By BRIAN RUDMAN
With our lawyers planning to top up their incomes with Saturday morning open homes, the question arises, will this merging of the two trades raise the reputation of real-estate agents, or drag down that of lawyering?
For those who followed the winebox revelations it's at best a moot question.
Still, whatever the glass tower lawyers got up to, the reputation of your common garden variety neighbourhood solicitor has survived, relatively unscarred, until now.
He or she is still the independent adviser you go to when you need some expert, and hopefully unbiased, legal help on such things as wills and house sales.
But now, with more than 400 lawyers sinking their money into a chain of one-stop real estate shops, that special client-lawyer relationship seems at risk.
From Saturday, participating lawyers will become sales clerks, dangling before their clients cheap commissions and special deals on conveyancing, mortgages and various insurance policies.
We are told that lawyers involved will not receive commissions, that they will benefit only through any new conveyancing work that comes their way.
This seems untrue. In a recruitment letter dated June 6, 2000, from Martin Strong, chairman, Real Management, to "fellow practitioners" other financial benefits are outlined. It lists, for instance, the money to be made acting for a purchaser.

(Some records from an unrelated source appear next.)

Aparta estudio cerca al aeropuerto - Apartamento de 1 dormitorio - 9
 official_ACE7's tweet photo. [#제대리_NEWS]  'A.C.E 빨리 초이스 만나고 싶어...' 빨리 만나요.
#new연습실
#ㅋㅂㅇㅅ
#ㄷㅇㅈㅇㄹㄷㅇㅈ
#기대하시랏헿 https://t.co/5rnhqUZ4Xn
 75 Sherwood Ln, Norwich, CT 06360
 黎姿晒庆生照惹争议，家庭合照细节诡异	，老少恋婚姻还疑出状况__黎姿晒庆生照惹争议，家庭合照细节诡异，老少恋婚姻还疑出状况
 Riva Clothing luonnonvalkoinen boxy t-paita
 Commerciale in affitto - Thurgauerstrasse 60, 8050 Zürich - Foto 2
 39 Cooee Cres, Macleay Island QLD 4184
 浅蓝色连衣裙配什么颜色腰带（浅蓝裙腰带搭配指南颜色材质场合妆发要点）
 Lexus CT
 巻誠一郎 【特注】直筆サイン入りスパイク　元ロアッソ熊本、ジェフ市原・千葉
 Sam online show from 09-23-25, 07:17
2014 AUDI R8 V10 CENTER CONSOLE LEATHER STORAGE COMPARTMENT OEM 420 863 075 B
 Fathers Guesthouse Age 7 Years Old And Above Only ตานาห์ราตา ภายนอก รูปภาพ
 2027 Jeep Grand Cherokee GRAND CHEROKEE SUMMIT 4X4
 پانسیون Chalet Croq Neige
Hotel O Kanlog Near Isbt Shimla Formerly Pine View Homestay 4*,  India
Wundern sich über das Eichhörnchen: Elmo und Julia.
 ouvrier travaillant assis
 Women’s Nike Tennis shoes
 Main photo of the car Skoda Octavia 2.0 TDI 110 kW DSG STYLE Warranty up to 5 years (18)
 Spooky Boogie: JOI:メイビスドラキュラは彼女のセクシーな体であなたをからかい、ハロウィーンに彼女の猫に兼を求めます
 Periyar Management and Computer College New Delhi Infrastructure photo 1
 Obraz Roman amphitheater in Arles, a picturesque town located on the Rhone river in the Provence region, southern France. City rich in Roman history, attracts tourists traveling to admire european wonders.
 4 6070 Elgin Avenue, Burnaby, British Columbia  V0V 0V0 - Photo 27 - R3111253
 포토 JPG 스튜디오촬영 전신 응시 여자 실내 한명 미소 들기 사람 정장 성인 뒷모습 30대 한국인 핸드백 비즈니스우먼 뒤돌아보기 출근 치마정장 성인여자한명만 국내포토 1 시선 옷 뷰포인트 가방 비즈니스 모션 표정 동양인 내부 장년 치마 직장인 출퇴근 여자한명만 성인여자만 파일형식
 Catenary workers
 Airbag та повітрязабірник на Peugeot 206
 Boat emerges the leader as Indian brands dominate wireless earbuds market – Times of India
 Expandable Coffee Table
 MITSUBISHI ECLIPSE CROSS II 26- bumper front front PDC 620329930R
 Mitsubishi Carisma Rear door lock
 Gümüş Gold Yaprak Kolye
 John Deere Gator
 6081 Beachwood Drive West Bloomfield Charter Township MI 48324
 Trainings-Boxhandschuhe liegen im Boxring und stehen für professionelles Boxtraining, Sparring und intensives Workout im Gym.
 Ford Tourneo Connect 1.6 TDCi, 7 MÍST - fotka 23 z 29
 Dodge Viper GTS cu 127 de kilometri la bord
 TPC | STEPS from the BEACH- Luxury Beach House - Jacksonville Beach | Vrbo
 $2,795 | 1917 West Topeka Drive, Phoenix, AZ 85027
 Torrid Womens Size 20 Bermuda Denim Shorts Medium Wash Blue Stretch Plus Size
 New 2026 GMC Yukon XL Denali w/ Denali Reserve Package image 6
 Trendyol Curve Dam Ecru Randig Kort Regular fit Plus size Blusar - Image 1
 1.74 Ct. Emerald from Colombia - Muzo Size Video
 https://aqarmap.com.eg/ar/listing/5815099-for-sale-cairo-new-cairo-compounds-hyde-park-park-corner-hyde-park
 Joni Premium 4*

"The average payout to the lawyer during testing of the Real mortgage system pre-launch has been approximately $650. With property insurance the average commission to the lawyer is likely to be in the region of $200 ... and the figure could be much higher when contents and other insurance are also effected."
I don't know how much money each lawyer has to pay to join up but Mr Strong's letter suggests establishment costs have been huge. He talks, for example, of a "blitz-type" pre-launch advertising campaign costing $1.3 million and of subsequent campaigns later in the year.
On top of this comes the setup costs of 28 Real shops by July 1 and more a month later.
Auckland lawyers opposed to the scheme worry that such financial investment will lead to conflicts of interests for lawyers involved.
They are particularly upset that the Auckland District Law Society has, without reference to members, donated $20,000 towards Real's establishment costs and wished Real "success for the future of their operation."
Society president Hannah Sargisson told lawyers in a June 14 letter that an opinion had been sought from a QC and that the council had decided "there was no inherent conflict of interest facing Real lawyers."
Yesterday Mrs Sargisson issued a statement in response to my queries, saying only four letters criticising the donation had been received from a membership of 3200.
"Many members have expressed support." She did not elaborate on the conflict of interest issue.
Opponents say there are many potential areas of conflict. For example, what if the Real agent misrepresents the property your client was selling, forgetting, say, to mention the motorway planned over the back fence?
When the purchaser discovers this and pulls out, do you, as a Real lawyer, sue the Real agent on behalf of your client for fouling up?
Another concern involves non-legal areas like the selling price and length of settlement. Clients often seek advice on these matters.
Where will the real lawyer's loyalty lie. To the sale going through or to his or her client's best interest?
Even if the client's interests do remain paramount, how long will a nagging suspicion linger after the deal is sealed that perhaps more could have been done.
By going into business as estate agents, lawyers leave themselves open to same sort of potential conflicts of interest. They dream of the financial benefits of branching out - though is anyone making money in real estate these days? As to their professional reputations, and that of the neighbourhood law firm, well they've only got themselves to blame for what happens there.